LKML Archive on lore.kernel.org
help / color / mirror / Atom feed
* [RFC Patch] perf_event: fix a cgroup switch warning
@ 2019-05-14  0:27 Cong Wang
  2019-05-14 12:32 ` Peter Zijlstra
  0 siblings, 1 reply; 3+ messages in thread
From: Cong Wang @ 2019-05-14  0:27 UTC (permalink / raw)
  To: linux-kernel
  Cc: Cong Wang, Ingo Molnar, Peter Zijlstra, Arnaldo Carvalho de Melo,
	Alexander Shishkin, Jiri Olsa, Namhyung Kim

We have been consistently triggering the warning
WARN_ON_ONCE(cpuctx->cgrp) in perf_cgroup_switch() for a rather
long time, although we still have no clue on how to reproduce it.

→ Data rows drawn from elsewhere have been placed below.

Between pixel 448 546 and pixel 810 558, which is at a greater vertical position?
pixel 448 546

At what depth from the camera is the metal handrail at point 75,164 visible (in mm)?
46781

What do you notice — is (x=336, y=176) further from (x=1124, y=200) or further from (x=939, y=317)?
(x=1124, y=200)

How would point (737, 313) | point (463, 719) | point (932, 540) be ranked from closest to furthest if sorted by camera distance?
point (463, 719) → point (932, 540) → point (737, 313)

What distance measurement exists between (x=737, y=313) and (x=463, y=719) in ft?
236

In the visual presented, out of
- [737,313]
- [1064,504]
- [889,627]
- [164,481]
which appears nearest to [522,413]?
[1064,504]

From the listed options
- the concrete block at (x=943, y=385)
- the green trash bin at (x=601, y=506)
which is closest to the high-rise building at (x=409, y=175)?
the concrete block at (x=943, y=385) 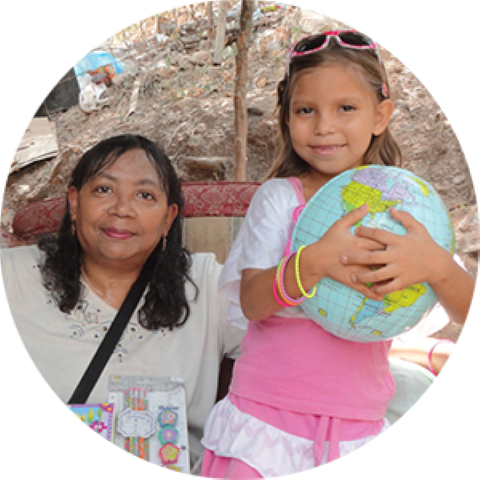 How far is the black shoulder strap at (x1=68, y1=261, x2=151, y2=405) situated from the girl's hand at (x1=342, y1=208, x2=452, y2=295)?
3.63ft

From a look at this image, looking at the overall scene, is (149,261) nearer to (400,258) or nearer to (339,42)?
(339,42)

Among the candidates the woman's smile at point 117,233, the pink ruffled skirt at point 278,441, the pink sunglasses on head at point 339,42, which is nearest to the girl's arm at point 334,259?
the pink ruffled skirt at point 278,441

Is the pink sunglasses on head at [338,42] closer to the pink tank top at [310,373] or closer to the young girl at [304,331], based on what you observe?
the young girl at [304,331]

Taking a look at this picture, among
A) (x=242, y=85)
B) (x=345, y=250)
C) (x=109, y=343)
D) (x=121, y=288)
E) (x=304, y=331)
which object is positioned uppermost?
(x=242, y=85)

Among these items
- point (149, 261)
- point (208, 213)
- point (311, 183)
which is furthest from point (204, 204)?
point (311, 183)

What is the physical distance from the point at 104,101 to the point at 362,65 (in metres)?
2.23

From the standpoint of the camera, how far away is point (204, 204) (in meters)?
2.72

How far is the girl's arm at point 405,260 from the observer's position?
1.41m

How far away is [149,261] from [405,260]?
1266 millimetres

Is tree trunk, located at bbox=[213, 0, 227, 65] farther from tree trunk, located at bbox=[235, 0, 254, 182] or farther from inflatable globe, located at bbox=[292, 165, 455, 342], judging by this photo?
inflatable globe, located at bbox=[292, 165, 455, 342]

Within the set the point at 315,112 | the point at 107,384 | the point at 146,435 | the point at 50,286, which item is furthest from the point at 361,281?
the point at 50,286

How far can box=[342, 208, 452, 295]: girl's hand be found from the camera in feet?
4.62

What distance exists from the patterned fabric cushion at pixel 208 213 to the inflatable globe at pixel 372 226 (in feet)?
3.79

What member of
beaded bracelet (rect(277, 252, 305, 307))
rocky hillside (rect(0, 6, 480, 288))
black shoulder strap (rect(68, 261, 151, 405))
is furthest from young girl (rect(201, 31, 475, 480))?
rocky hillside (rect(0, 6, 480, 288)) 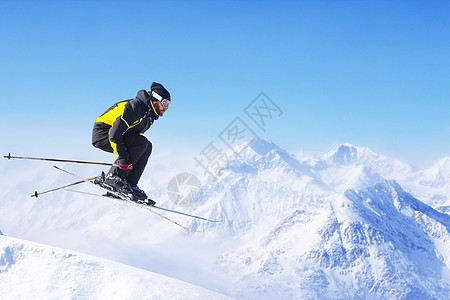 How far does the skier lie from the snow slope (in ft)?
46.9

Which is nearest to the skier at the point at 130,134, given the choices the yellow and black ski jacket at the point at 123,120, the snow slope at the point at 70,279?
the yellow and black ski jacket at the point at 123,120

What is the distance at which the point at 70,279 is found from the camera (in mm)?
24281

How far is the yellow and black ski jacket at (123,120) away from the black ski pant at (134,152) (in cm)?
11

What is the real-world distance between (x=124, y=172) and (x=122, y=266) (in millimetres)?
17849

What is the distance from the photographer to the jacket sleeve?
9.53 meters

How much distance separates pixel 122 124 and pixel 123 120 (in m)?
0.14

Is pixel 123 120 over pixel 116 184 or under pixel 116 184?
over

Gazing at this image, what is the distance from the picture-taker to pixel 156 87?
381 inches

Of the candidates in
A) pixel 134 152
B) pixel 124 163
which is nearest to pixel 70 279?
pixel 124 163

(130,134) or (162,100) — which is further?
(130,134)

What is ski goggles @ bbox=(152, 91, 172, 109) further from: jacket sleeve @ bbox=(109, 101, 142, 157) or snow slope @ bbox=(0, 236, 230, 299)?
snow slope @ bbox=(0, 236, 230, 299)

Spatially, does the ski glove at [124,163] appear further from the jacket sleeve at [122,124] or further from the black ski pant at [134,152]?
the jacket sleeve at [122,124]

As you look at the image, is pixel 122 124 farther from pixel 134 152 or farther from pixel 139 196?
pixel 139 196

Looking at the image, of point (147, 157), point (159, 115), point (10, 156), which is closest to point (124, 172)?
point (147, 157) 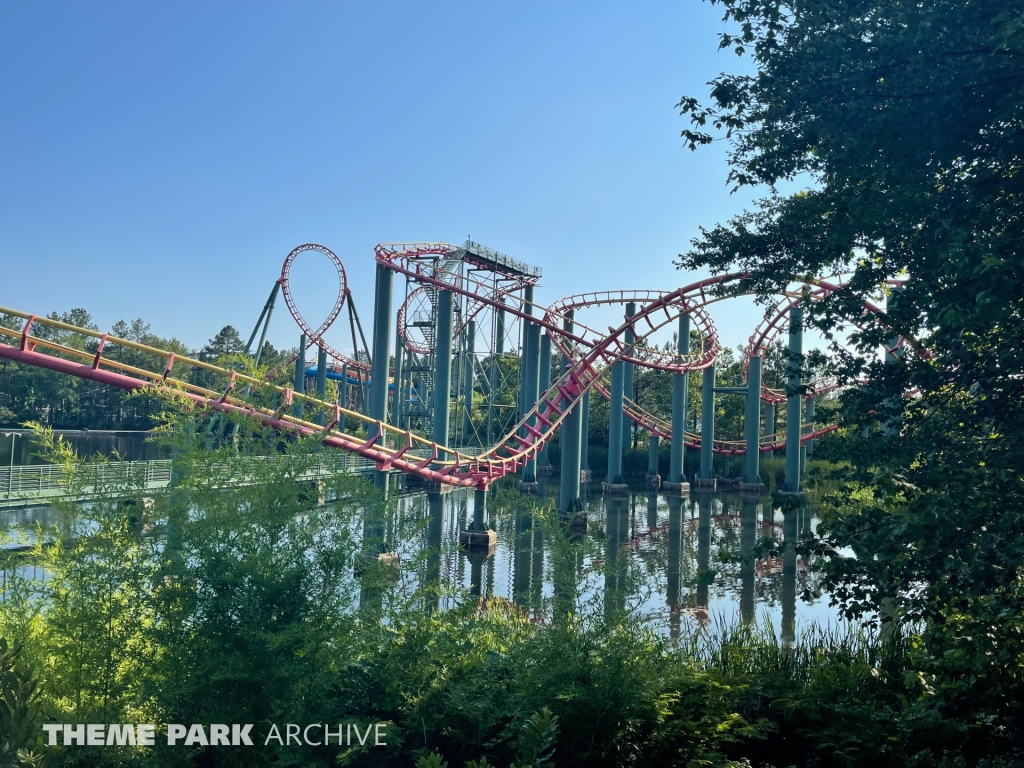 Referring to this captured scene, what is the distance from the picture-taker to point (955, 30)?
4062mm

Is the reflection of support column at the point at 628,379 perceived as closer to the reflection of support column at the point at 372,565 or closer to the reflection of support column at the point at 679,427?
the reflection of support column at the point at 679,427

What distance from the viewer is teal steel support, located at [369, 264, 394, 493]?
19562 millimetres

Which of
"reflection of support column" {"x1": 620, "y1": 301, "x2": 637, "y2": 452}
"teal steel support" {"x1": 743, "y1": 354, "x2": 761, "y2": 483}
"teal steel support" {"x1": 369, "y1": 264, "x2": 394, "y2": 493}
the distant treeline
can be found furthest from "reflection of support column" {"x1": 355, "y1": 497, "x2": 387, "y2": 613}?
the distant treeline

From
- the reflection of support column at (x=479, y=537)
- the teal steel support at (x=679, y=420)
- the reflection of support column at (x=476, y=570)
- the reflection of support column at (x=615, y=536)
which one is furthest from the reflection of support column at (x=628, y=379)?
the reflection of support column at (x=476, y=570)

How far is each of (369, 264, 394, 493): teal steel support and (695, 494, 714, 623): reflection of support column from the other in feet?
26.4

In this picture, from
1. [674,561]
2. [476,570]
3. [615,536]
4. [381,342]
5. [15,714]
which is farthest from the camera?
[615,536]

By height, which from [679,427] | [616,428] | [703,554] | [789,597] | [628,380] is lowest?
[789,597]

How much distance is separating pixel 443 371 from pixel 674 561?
26.1 ft

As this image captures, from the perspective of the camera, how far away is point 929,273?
14.2 feet

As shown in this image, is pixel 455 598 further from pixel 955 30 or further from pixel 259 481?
pixel 955 30

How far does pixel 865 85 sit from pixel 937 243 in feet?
3.28

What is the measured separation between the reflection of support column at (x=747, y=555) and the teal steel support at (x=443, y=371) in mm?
8078

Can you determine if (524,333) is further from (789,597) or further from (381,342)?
(789,597)

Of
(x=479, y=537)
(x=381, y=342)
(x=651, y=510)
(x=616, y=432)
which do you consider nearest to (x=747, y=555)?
(x=479, y=537) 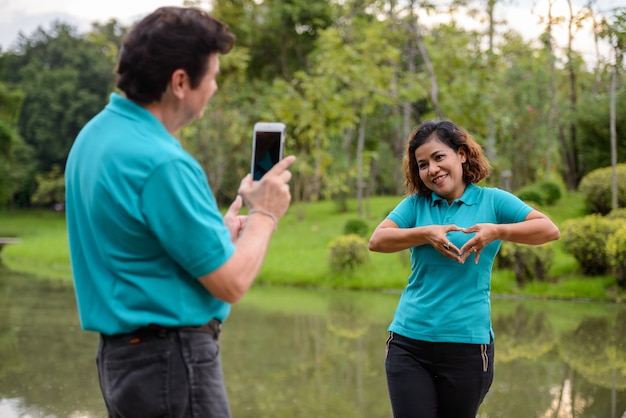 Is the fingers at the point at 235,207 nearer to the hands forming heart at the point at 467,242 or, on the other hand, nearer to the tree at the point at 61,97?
the hands forming heart at the point at 467,242

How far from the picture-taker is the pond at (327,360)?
550cm

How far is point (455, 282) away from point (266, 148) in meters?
1.19

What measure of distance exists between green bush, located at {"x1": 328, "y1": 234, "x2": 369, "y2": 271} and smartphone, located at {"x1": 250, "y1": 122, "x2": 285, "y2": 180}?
11.0 metres

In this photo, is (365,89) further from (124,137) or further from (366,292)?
(124,137)

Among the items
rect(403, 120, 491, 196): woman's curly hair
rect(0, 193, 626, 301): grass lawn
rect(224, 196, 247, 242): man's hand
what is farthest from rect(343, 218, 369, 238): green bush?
rect(224, 196, 247, 242): man's hand

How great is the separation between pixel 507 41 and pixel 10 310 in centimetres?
1945

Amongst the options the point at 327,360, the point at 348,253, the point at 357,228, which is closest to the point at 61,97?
the point at 357,228

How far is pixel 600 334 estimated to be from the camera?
8.19 meters

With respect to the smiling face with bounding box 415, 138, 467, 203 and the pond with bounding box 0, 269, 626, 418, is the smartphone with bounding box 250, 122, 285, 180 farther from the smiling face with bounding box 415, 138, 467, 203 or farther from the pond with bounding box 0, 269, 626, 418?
the pond with bounding box 0, 269, 626, 418

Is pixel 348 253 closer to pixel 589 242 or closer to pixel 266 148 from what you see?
pixel 589 242

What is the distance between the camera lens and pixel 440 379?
2965 millimetres

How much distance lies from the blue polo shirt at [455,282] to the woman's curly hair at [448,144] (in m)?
0.08

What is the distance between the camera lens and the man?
1.77m

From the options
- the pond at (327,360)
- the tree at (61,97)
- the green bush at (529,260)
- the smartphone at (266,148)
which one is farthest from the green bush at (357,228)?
the tree at (61,97) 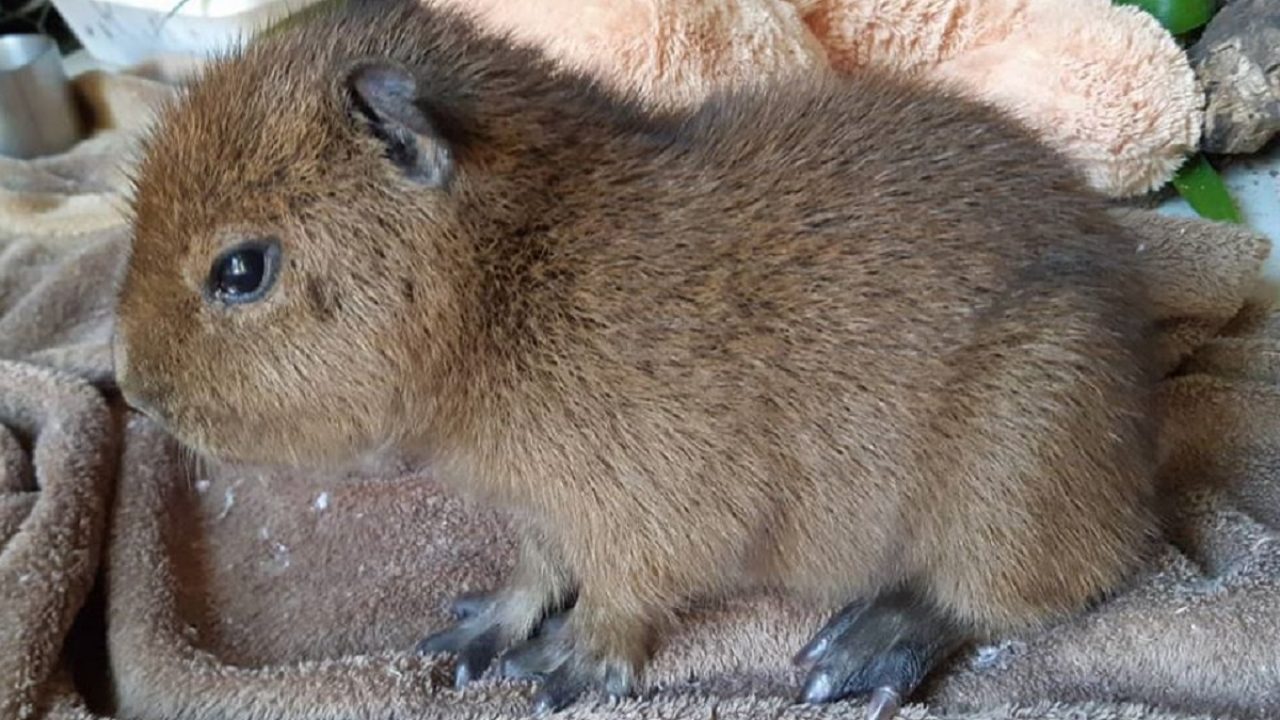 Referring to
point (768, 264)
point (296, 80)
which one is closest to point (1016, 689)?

Looking into the code, it seems the only possibility here is that
the process calling perf_event_open() with a cgroup target exits
before the process in the target cgroup exits but after it gains
CPU to run. This is because we use the atomic counter
perf_cgroup_events as an indication of whether cgroup perf event
has enabled or not, which is inaccurate, illustrated as below:

CPU 0					CPU 1
// open perf events with a cgroup
// target for all CPU's
perf_event_open():
  account_event_cpu()
  // perf_cgroup_events == 1
				// Schedule in a process in the target cgroup
				perf_cgroup_switch()
perf_event_release_kernel():
  unaccount_event_cpu()
  // perf_cgroup_events == 0
				// schedule out
				// but perf_cgroup_sched_out() is skipped
				// cpuctx->cgrp left as non-NULL

				// schedule in another process
				perf_cgroup_switch() // WARN triggerred

The proposed fix is kinda ugly, as it adds a flag in each process to
indicate whether this process has to go through perf_cgroup_sched_out()
when perf_cgroup_events is false negative. The other possible fix is
to force a reschedule on each target CPU before decreasing the counter
perf_cgroup_events, but this is expensive.

Suggestions? Thoughts?

Cc: Ingo Molnar <mingo@redhat.com>
Cc: Peter Zijlstra <peterz@infradead.org>
Cc: Arnaldo Carvalho de Melo <acme@kernel.org>
Cc: Alexander Shishkin <alexander.shishkin@linux.intel.com>
Cc: Jiri Olsa <jolsa@redhat.com>
Cc: Namhyung Kim <namhyung@kernel.org>
Signed-off-by: Cong Wang <xiyou.wangcong@gmail.com>
---
 include/linux/sched.h | 3 +++
 kernel/events/core.c  | 5 ++++-
 2 files changed, 7 insertions(+), 1 deletion(-)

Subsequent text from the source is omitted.